L’immigrant retenu, refoulé, reconduit, repartira. Il recommencera jusqu’au succès ou jusqu’à la mort. Pourquoi partent-ils, ces jeunes africains ? Courent-ils après les richesses perdues de leur continent ? Suivent-ils le même itinéraire que les richesses de leur continent qui traversent les océans et les déserts, qui améliorent ailleurs les conditions d’existence d’autres hommes ?

Las d’errer, de vivre sans occupation, de survivre sans espoir, ils décident de prendre le chemin de l’immigration. Ils se lancent à la recherche d’une vie meilleure qui fuit à mesure qu’ils avancent. Et, pour cette vie qui fuit, ils prennent le risque de mourir.

Chefs africains et européens ! Savez-vous ce que ce rêve sordide de l’immigration que vous avez fait naître chez nos jeunes, coûte à l’Afrique noire ? Savez-vous ce que les départs douloureux que vous provoquez, causent au continent africain ? Combien d’enfants, de femmes et d’hommes sont morts dans la houle, sous l’écume ?

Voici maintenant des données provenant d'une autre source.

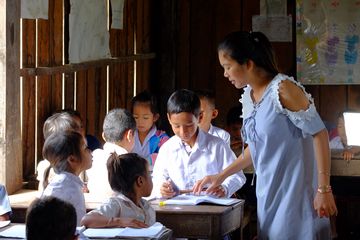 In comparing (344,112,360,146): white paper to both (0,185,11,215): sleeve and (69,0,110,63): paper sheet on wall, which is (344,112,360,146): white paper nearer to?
(69,0,110,63): paper sheet on wall

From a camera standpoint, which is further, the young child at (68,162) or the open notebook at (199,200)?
the open notebook at (199,200)

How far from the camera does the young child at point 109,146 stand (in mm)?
4961

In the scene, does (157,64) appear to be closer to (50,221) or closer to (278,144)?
(278,144)

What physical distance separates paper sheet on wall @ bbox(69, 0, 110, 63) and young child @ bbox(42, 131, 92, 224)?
171 cm

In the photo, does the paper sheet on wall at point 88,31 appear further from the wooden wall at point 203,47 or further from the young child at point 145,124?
the wooden wall at point 203,47

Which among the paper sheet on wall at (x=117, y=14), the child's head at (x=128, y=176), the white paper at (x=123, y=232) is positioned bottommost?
the white paper at (x=123, y=232)

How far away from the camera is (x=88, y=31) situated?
648 cm

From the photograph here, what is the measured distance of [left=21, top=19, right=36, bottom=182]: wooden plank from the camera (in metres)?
5.43

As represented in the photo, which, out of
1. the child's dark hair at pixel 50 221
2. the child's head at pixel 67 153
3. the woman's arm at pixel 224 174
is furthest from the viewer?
the woman's arm at pixel 224 174

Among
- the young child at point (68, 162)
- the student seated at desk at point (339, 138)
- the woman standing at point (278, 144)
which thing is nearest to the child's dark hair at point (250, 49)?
the woman standing at point (278, 144)

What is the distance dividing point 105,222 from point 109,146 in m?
1.29

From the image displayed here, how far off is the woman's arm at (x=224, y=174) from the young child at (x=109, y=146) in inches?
20.3

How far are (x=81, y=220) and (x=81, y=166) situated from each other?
0.50 meters

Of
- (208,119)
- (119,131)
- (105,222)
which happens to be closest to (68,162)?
(105,222) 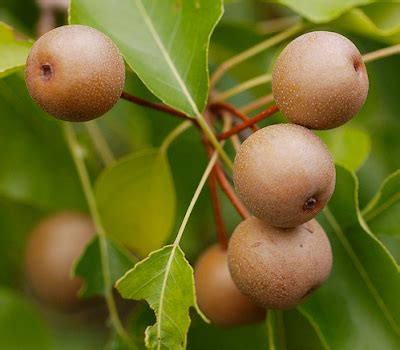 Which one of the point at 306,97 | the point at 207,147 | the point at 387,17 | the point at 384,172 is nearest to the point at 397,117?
the point at 384,172

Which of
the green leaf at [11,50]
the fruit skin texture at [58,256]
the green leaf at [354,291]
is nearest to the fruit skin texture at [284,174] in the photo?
the green leaf at [354,291]

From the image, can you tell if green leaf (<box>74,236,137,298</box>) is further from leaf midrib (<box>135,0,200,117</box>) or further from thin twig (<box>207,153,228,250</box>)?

Combiens ont péri dans les ergs, dans les regs ? Le savez-vous ? L’Afrique perd ceux qui partent, mais n’arrivent pas. Elle perd ceux qui arrivent, mais ne reviennent pas.

Migration, émigration, immigration, peu importe le vocable utilisé. Ces mots ont tous un dénominateur commun : le mouvement des hommes à l’intérieur ou à l’extérieur d’un pays, d’un continent. Aujourd’hui, c’est l’Europe qui se dit « envahie » et submergée par les migrants africains et ceux venant d’autres pays en conflits.

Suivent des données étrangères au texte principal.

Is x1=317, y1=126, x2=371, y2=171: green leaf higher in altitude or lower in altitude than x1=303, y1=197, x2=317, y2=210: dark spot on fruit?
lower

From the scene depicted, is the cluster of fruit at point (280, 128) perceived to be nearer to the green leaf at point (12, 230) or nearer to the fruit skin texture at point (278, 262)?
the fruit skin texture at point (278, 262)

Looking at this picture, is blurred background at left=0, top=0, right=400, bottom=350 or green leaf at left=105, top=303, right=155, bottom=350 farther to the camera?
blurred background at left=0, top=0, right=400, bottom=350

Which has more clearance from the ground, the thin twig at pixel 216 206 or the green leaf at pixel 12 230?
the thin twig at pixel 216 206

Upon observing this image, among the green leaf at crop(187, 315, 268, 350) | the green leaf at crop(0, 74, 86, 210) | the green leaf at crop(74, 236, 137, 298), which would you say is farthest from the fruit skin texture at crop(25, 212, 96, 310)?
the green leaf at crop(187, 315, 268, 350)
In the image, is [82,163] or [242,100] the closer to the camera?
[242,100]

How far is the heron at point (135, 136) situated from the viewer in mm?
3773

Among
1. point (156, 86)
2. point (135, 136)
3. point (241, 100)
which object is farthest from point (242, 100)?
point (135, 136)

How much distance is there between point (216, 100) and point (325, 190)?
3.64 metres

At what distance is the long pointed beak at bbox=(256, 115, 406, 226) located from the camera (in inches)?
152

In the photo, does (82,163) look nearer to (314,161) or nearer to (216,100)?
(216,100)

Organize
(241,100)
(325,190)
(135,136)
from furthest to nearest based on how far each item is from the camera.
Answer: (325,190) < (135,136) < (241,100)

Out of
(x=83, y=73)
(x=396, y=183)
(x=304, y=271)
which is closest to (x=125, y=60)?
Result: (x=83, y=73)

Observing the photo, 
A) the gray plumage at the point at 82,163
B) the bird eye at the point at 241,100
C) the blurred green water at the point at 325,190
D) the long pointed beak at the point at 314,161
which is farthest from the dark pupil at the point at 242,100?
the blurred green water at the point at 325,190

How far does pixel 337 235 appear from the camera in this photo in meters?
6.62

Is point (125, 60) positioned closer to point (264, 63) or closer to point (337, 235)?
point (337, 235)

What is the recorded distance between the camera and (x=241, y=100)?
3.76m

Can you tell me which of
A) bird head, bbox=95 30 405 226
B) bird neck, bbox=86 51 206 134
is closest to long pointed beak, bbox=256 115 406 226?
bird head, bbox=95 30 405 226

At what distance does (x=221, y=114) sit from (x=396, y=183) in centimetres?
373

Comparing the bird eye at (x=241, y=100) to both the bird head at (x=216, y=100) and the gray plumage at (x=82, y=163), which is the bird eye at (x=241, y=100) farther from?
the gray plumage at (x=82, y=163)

L’Amérique de Trump ne cesse, elle aussi, de s’agiter, menaçant de fermer ses portes. Mais l’on a bien vite oublié que ce sont les Européens, au dix-neuvième siècle, qui sont « descendus » pour « explorer » et « civiliser » l’Afrique, que l’Europe qualifiait de continent « an-historique ». Comment pourrions-nous, nous Africains, appeler ce mouvement des Européens vers nos terres, jadis ? Tourisme ? Besoin d’exotisme qui s’est accommodé du pillage des ressources de notre continent au profit de l’homme « évolué » ?

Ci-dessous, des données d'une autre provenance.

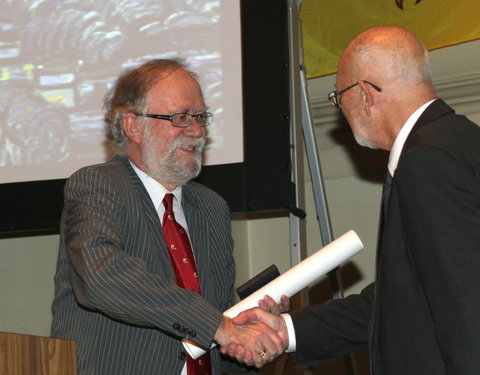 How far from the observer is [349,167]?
554 cm

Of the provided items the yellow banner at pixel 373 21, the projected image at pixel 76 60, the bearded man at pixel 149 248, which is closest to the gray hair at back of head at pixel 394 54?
→ the bearded man at pixel 149 248

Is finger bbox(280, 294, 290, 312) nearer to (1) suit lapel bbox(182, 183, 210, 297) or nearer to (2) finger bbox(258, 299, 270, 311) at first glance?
(2) finger bbox(258, 299, 270, 311)

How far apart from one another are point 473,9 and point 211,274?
6.88 ft

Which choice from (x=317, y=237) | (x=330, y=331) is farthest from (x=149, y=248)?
(x=317, y=237)

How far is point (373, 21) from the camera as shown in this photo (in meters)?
5.05

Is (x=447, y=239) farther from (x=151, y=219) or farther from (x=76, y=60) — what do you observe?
(x=76, y=60)

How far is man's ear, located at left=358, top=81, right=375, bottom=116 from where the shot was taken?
10.4ft

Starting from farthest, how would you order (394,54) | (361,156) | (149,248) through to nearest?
(361,156) → (149,248) → (394,54)

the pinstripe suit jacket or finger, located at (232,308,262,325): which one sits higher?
the pinstripe suit jacket

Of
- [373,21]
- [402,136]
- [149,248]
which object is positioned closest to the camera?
[402,136]

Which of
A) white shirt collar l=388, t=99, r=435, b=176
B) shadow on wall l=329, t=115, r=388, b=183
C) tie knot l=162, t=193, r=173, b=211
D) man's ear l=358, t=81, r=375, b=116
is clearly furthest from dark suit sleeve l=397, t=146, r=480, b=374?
shadow on wall l=329, t=115, r=388, b=183

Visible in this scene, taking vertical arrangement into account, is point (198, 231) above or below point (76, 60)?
below

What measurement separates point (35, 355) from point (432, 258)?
119 cm

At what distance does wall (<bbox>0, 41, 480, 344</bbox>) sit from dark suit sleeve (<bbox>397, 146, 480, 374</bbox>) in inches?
109
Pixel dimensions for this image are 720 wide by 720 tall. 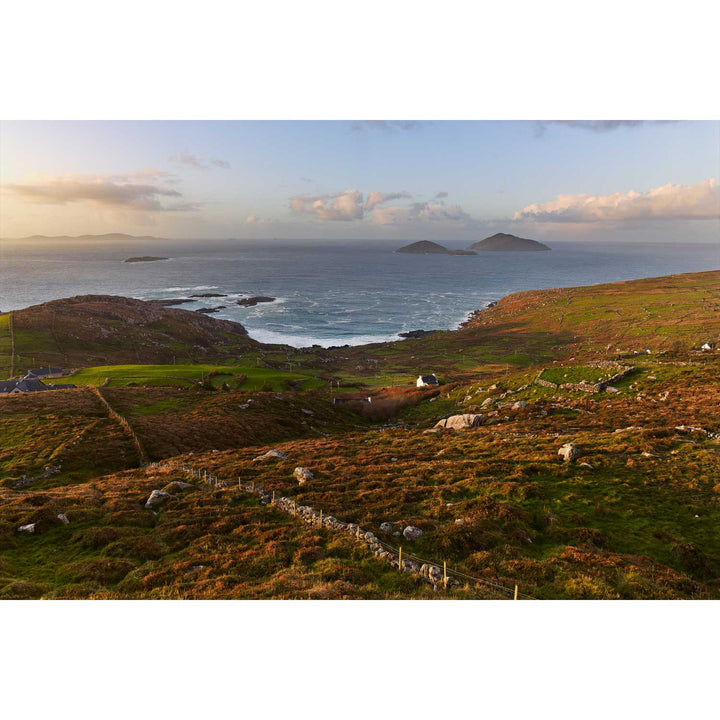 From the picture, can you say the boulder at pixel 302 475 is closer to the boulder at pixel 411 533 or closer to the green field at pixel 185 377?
the boulder at pixel 411 533

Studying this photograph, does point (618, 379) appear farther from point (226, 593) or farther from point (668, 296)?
point (668, 296)

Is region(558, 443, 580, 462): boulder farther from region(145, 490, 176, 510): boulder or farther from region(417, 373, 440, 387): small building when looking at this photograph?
region(417, 373, 440, 387): small building

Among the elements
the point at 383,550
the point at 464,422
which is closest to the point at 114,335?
the point at 464,422

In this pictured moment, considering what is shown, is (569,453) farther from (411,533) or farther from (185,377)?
(185,377)

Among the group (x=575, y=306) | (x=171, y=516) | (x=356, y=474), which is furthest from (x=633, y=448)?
(x=575, y=306)

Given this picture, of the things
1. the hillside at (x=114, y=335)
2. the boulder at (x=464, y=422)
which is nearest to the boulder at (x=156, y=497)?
the boulder at (x=464, y=422)

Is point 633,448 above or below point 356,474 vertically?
above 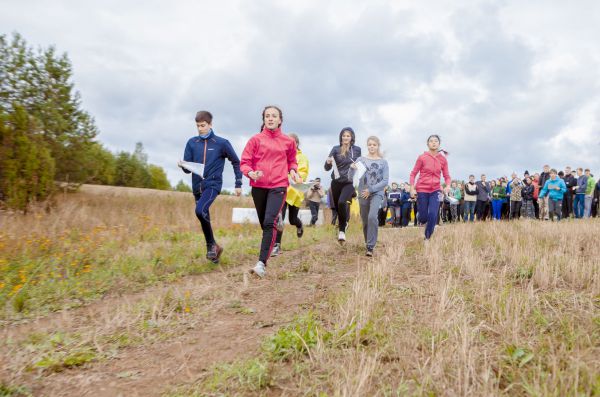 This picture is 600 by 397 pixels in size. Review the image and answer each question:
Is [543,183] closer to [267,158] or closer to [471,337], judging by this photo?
[267,158]

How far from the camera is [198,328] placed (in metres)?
3.65

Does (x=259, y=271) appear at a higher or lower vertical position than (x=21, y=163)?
lower

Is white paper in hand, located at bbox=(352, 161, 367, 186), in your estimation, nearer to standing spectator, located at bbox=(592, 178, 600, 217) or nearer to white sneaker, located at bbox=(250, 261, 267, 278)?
white sneaker, located at bbox=(250, 261, 267, 278)

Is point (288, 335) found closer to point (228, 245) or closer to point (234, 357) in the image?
point (234, 357)

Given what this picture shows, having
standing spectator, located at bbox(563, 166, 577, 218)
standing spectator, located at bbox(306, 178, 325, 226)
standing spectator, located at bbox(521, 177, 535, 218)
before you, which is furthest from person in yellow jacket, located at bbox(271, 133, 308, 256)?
standing spectator, located at bbox(563, 166, 577, 218)

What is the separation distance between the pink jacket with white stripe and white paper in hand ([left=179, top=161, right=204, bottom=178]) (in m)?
3.86

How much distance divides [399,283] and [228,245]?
15.9 feet

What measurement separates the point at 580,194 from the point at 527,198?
2428 millimetres

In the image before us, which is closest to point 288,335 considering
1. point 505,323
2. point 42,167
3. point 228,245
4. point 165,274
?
point 505,323

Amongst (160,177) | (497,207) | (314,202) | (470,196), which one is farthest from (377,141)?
(160,177)

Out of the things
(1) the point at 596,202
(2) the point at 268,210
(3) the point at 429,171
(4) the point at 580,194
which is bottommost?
(2) the point at 268,210

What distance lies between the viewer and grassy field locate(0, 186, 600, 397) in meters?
2.47

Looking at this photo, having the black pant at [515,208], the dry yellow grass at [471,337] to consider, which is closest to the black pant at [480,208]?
the black pant at [515,208]

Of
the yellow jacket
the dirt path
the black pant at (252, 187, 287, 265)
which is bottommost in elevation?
the dirt path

L’immigration des masses est le reflet de la monstruosité et du malaise de notre civilisation matérialiste à outrance et vide d’humanisme, parce qu’homicide et liberticide. L’immigration des masses théorise une question existentielle, celle du paysage politico-économique du monde. Un monde dont la situation n’a jamais été aussi précaire et incertaine qu’à ce vingt et unième siècle.

Nous sommes témoins d’un système économique néolibéral qui a envahi le globe tout-entier et auquel rien ne résiste. Dans la recherche effrénée de matières premières à vil prix et de débouchés pour les marchés occidentaux, des guerres ont été menées, des régimes autocratiques ou démocratiquement élus ont été déstabilisés. A cela, s’ajoute le soutien sordide et absurde de certains régimes dictatoriaux dans les pays dits sous-développés, contre la volonté de leurs peuples.

La rhétorique officielle de ce genre d’Etats prédateurs, n’était-elle pas d’envahir un autre Etat, sous le prétexte fallacieux de défendre ou d’imposer les Droits de l’Homme ? Qu’a objectivé la réalité sur le terrain ? Cette réalité est catastrophique ! Les pays envahis ont été complètement démantelés, détruits et ruinés. Ainsi, leurs habitants sont contraints de trouver refuge dans les pays les plus nantis, ceux qui demeurent politiquement stables.

Vous qui, placés à la tête de nos Etats, prétendez œuvrer à notre bien-être et au développement de notre continent, croyez que le moment est venu de considérer : que chaque départ est une perte pour votre pays, une perte pour votre continent, un échec pour votre gouvernance et une honte pour votre règne ; que chaque mort, chaque drame, sera jugé devant le tribunal de votre conscience.

Croyez que l’Afrique a besoin de sa jeunesse, cette frange la plus dynamique de sa population.

Croyez que cette jeunesse constitue un capital humain, et que bientôt, l’Afrique Noire dépassera toutes les régions du monde en termes de capital humain, qu’elle aura la population la plus jeune au monde.

Croyez que c’est ce capital humain formé, éduqué, disposant de savoirs et de savoir-faire, qui assurera le développement du continent.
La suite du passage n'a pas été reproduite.